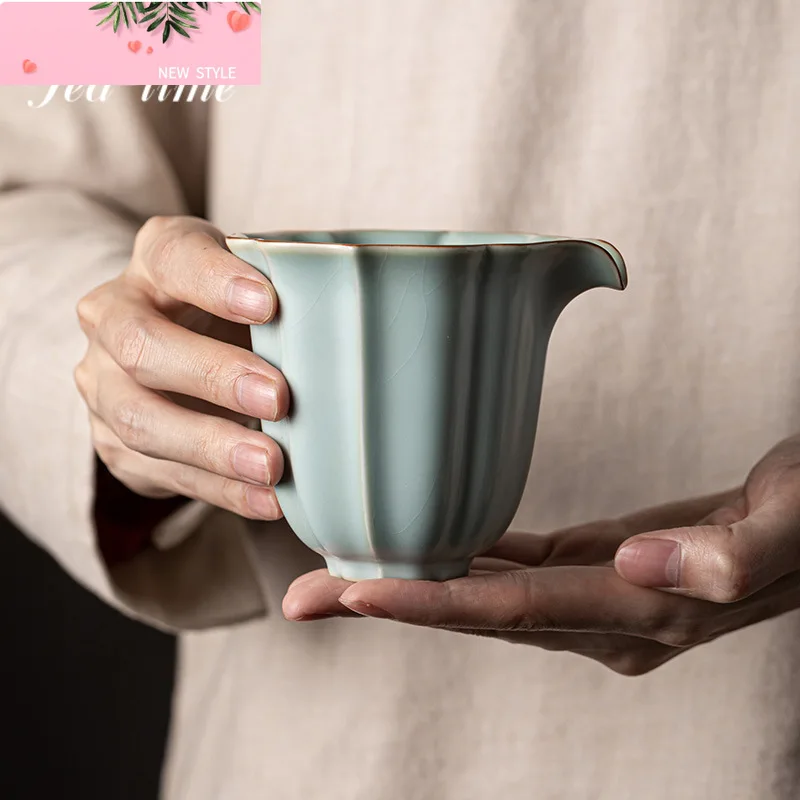 

Фарфоровый кувшин для чая Azure Ru, 210 мл, японский лепестковый сервировочный кувшин для раздачи ча-хай, чашка для справедливости, аксессуары для чая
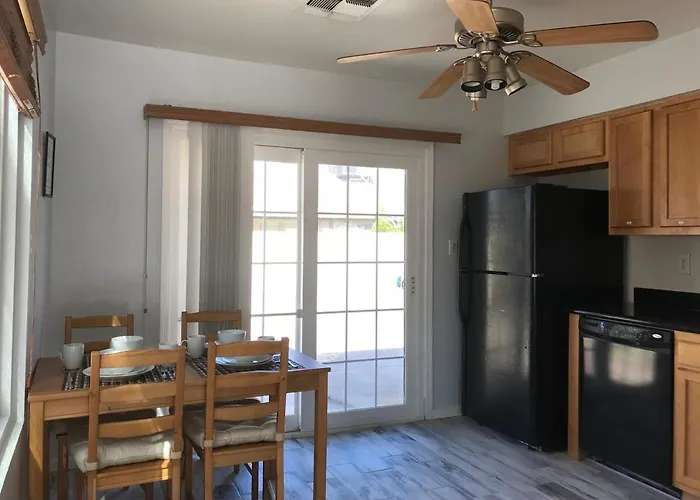 Comfy House Near Asu, Airport Dom wakacyjny *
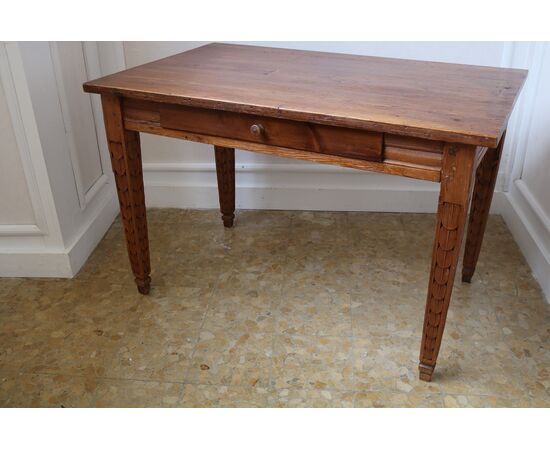 Neoclassical fir table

● **WHAT IS EXPECTED**: Output the material word for word, and keep the pictures out.

● **ANSWER TO THIS TASK**:
Фарфоровый кувшин для чая Azure Ru, 210 мл, японский лепестковый сервировочный кувшин для раздачи ча-хай, чашка для справедливости, аксессуары для чая
 Comfy House Near Asu, Airport Dom wakacyjny *
 Neoclassical fir table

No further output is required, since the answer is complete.